The thing that really made me turn on the show was coming to recognise that, no matter their faults, the characters would never be wrong, never make a huge mistake, never be misled by their gut. It struck me as simultaneously blatant authoritarian propaganda – don’t question the system, don’t question the police – and poor, tedious writing.

[I]f he is a god or if he is, you know, an utterly fantastic creature, then the situation is of no challenge, and the resolution is never in doubt, and somehow, it’s, I dunno, it becomes a sort of bizarre religious ritual or something.

John McTiernan

The older I got, the more this show began to radiate evil to me. I know that sounds ridiculous – like I’m a fundamentalist Christian railing against the evils of pop culture, and in a way I guess I am. The smugness, the laziness, the lack of any real thought or interest in other people; I have to physically leave the room when I see this show is on now. Copaganda doesn’t necessarily turn me off; I can happily watch Law & Order and then still criticise it. This, on the other hand, is rank to me.

Even the little things about this show bother me; there’s a bizarre habit it indulges in where characters rigidly alternate between expositing about the plot and talking about whatever dumb shit is happening in their personal lives. Even aside from the facts that no human being talks like that and that it’s infuriating rather than cute (especially after the first five hundred times), it just draws attention to how superfluous the plot is.

One of the most infamous scenes from the show is two of the characters using the same keyboard to fight a hacking attempt (before Gibbs manfully solves the problem by unplugging the monitor), and this is just a particularly visual expression of how problems are both caused and solved by a sluice of bullshit.

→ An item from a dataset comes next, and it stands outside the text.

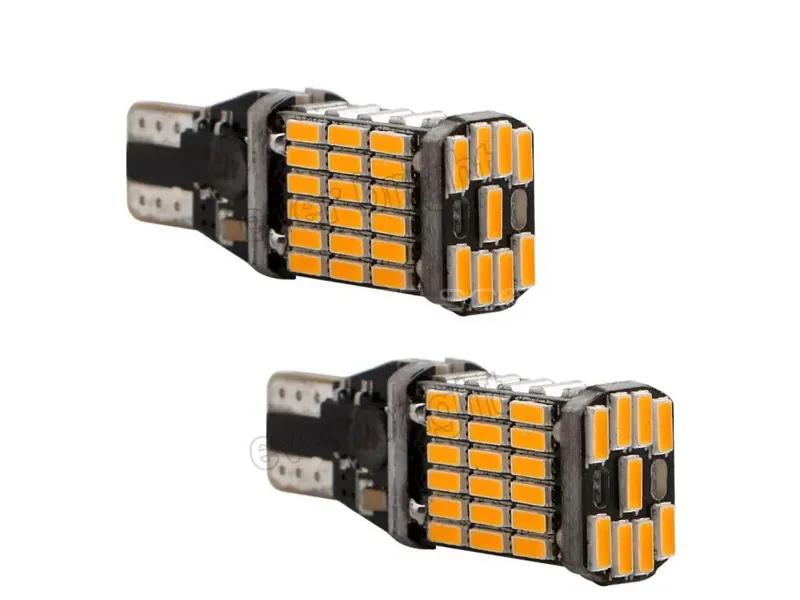 T10 W5W Car Parking Lights Amber/Orange 45 Smd Canbus 1 Pair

One can compare it to the nonsense on Law & Order or Criminal Minds; those shows are equally bullshit, but there’s a sense of the writers having worked out their bullshit so it makes internal.

These are the images that are coming at you – this is what the collective, anonymous body wants to see.

Werner Herzog

NCIS doesn’t even have that. I’ve heard rumours – mostly related to that keyboard scene – that the writers have contests to see who can generate the most absurd bullshit, and this is the kind of thing that doesn’t even need to be true because it successfully conveys the meaninglessness of it. Part of the reason NCIS radiates evil to me is because it’s often content for the sake of content; this combination of authoritarian politics and verbal diarrhea is a disturbing one.

It being the most popular TV show of all time is particularly disturbing. I don’t generally care or think about the obscurity of my taste; I must admit to being self-absorbed enough to believe that a show only needs to entertain me, and the rest of you can watch whatever you want. But knowing that this is what the people want to see – the authoritarian archetypes delivering gibberish to save us all – it’s hard not to worry about what that society would do to a person.